DATASET RECORDS:
- Opening Delimiter -

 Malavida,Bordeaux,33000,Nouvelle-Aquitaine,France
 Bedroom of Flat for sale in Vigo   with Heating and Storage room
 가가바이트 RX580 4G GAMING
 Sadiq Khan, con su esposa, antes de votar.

- Closing Delimiter -
- Opening Delimiter -

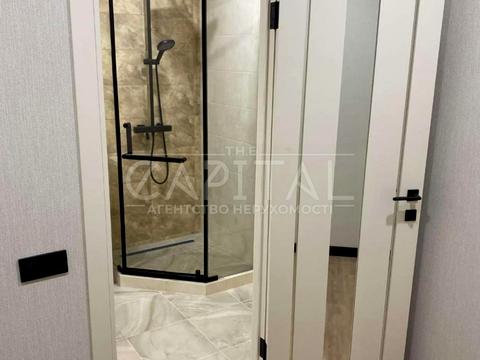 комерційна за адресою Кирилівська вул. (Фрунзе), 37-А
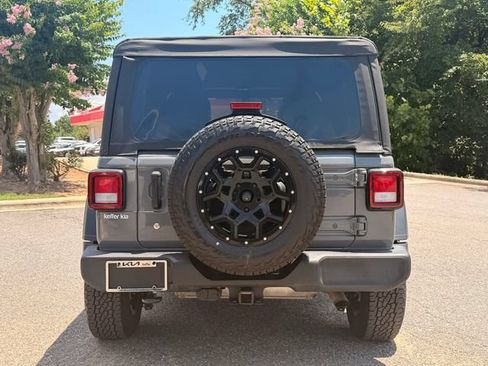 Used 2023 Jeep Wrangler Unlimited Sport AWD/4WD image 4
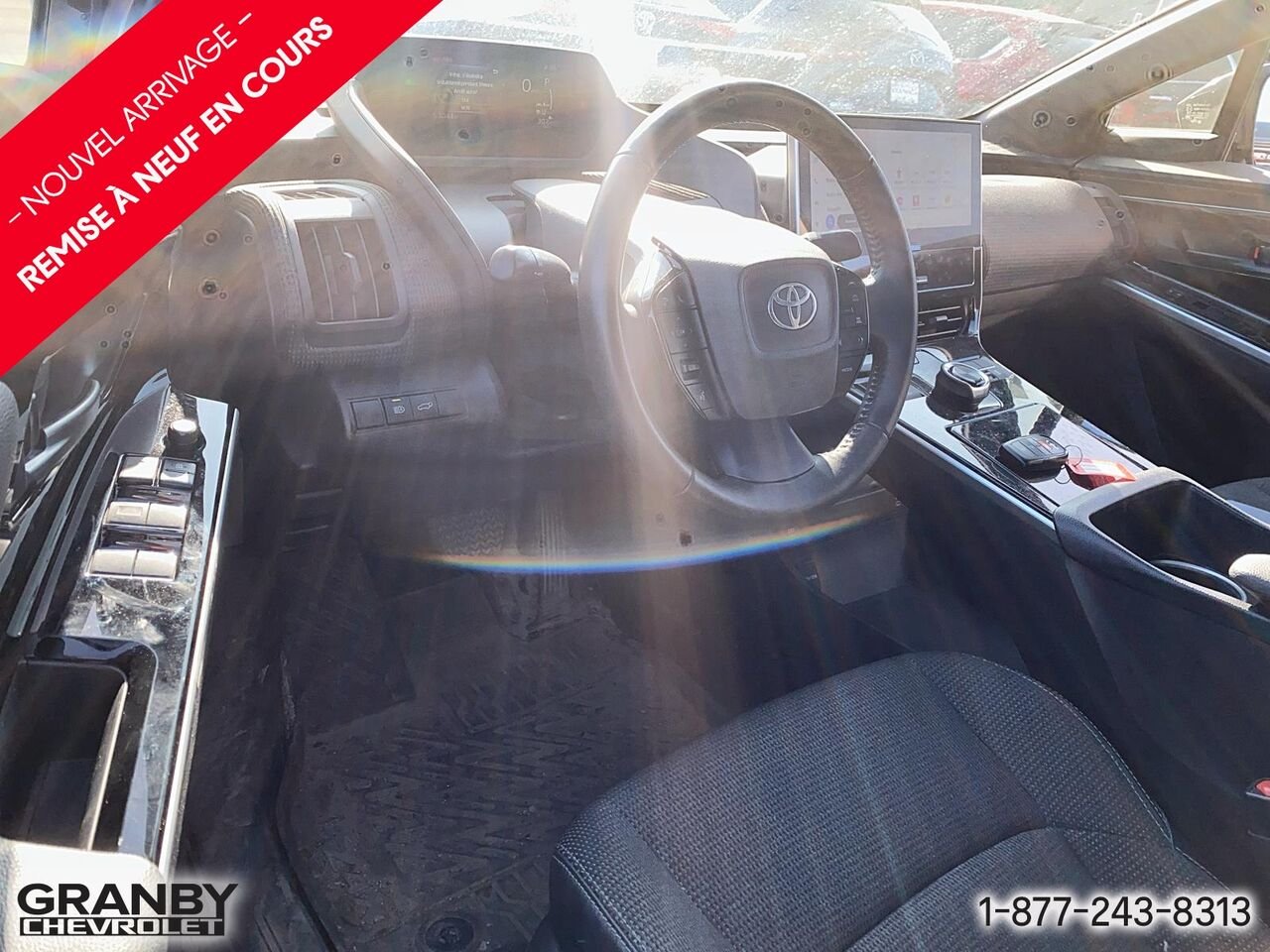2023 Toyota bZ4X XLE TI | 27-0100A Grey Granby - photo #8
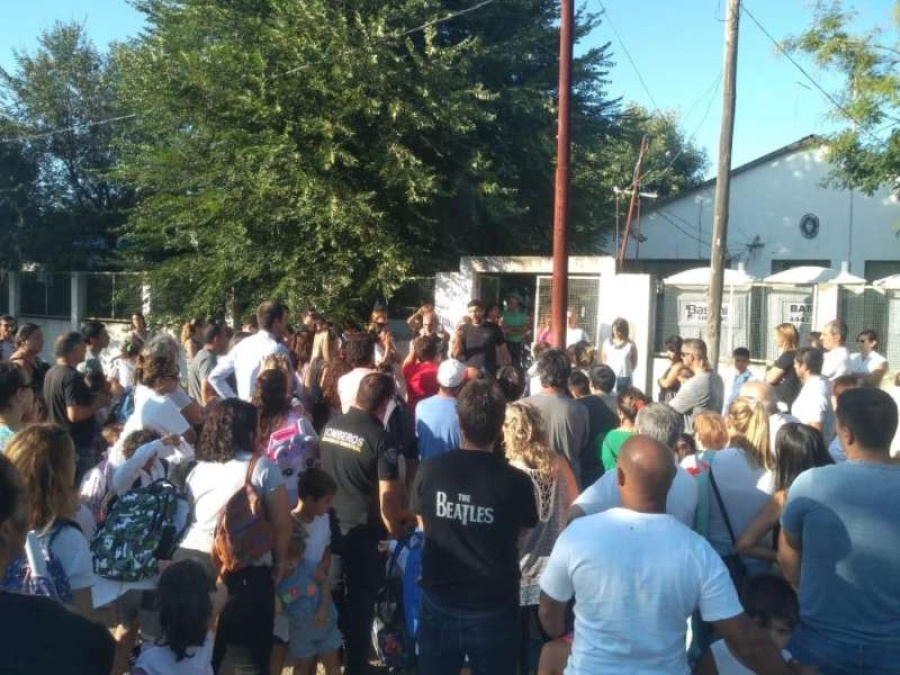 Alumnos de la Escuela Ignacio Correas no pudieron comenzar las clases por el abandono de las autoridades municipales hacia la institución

- Closing Delimiter -
- Opening Delimiter -

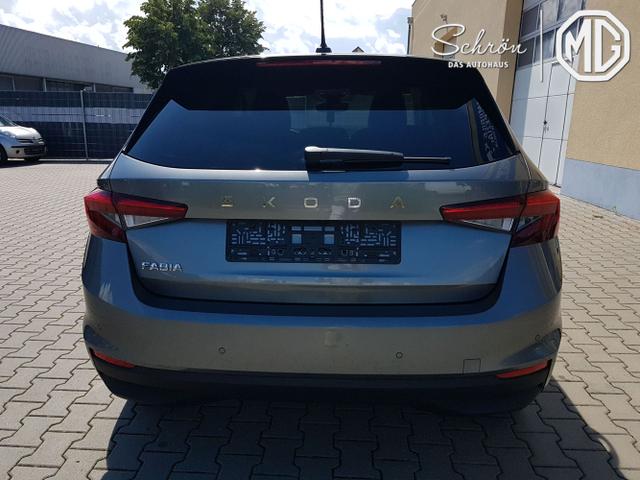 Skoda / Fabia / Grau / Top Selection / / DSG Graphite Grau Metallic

- Closing Delimiter -

WORK TO COMPLETE:
The material above holds pictures; leave them out. Repeat exactly the lines from the one containing "комерційна за адресою" through the one containing "Alumnos de la", and nothing else.

EXERCISE RESULT:
 комерційна за адресою Кирилівська вул. (Фрунзе), 37-А
 Used 2023 Jeep Wrangler Unlimited Sport AWD/4WD image 4
2023 Toyota bZ4X XLE TI | 27-0100A Grey Granby - photo #8
 Alumnos de la Escuela Ignacio Correas no pudieron comenzar las clases por el abandono de las autoridades municipales hacia la institución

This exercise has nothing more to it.